▶ _DESCRIPTION OF THE TASK_: In the material below, find every line with "Model" and pull it out.

= Beginning of Section =

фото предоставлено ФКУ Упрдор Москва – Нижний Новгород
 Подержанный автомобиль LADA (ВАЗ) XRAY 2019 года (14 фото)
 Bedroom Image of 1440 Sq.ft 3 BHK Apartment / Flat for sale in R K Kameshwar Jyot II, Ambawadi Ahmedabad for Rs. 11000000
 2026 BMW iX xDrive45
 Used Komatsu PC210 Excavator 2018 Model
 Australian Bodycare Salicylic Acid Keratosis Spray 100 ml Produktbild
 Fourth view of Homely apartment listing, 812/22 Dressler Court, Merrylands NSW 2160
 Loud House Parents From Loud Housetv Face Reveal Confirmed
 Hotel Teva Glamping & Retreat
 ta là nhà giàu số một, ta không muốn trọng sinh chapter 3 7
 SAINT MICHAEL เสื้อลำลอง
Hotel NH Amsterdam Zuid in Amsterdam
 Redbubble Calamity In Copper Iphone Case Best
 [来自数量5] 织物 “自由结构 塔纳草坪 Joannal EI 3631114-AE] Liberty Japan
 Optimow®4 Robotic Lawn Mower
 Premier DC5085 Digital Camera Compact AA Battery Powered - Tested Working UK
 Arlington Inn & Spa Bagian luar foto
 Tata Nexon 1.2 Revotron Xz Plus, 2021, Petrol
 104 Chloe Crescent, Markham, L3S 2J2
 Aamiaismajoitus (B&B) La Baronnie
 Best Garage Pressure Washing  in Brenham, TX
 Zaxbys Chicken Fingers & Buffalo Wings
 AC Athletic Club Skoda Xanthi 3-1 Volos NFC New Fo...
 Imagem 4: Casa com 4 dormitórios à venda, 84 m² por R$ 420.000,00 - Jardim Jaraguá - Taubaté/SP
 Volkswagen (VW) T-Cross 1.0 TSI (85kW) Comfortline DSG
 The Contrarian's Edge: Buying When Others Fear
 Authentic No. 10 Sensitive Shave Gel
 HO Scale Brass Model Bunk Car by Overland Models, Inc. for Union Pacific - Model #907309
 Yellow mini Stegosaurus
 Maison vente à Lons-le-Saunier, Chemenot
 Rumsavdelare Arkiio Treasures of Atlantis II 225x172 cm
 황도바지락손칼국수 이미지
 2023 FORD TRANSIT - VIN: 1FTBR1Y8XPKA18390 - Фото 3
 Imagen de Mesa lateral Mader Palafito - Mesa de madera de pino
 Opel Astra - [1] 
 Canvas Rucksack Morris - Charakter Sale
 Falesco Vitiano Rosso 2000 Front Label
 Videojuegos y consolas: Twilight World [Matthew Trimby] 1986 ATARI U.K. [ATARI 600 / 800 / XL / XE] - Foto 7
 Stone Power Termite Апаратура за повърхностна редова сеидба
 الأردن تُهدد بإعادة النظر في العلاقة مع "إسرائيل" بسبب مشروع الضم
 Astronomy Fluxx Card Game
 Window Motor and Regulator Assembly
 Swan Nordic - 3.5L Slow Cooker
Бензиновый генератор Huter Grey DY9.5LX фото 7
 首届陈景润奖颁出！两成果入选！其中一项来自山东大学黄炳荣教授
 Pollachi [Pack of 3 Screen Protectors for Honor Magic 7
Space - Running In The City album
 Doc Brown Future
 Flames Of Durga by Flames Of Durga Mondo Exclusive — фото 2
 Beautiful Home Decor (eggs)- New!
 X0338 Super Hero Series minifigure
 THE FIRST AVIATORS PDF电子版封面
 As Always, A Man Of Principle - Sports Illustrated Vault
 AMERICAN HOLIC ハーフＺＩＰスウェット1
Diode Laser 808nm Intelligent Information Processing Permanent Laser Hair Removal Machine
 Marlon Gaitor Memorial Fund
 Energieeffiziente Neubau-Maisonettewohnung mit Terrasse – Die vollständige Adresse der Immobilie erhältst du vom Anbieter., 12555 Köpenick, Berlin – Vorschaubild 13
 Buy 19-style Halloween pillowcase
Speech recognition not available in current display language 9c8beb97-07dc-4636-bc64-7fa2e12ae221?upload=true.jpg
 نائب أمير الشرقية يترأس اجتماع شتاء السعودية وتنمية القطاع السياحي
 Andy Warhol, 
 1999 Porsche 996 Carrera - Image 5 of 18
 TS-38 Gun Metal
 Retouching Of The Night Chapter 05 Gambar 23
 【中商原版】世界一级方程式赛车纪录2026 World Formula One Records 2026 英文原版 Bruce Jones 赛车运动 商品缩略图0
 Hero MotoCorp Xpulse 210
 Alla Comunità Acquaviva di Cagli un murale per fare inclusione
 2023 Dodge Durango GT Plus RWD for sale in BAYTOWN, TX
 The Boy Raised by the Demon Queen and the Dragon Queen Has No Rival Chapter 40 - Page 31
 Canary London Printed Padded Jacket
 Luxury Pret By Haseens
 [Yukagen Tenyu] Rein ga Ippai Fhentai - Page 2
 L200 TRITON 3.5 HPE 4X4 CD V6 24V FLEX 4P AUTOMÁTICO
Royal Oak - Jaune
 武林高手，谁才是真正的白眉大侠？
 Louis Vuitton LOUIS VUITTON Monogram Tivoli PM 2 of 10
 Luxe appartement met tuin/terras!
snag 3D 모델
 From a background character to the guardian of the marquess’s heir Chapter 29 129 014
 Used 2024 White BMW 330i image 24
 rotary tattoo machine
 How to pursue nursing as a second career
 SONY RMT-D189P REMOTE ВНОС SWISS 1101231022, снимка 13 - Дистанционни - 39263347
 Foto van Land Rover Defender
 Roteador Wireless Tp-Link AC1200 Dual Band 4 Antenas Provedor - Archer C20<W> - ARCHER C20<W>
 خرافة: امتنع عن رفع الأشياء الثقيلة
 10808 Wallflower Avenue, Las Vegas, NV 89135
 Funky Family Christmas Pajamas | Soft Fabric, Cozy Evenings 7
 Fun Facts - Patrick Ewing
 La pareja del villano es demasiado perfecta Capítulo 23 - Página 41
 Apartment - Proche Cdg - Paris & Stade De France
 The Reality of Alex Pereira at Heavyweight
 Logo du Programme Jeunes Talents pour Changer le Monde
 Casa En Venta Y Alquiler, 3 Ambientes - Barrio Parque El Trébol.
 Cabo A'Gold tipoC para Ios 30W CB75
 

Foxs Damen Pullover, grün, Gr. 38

= End of Section =

▶ _EXERCISE RESPONSE_:
 Used Komatsu PC210 Excavator 2018 Model
 HO Scale Brass Model Bunk Car by Overland Models, Inc. for Union Pacific - Model #907309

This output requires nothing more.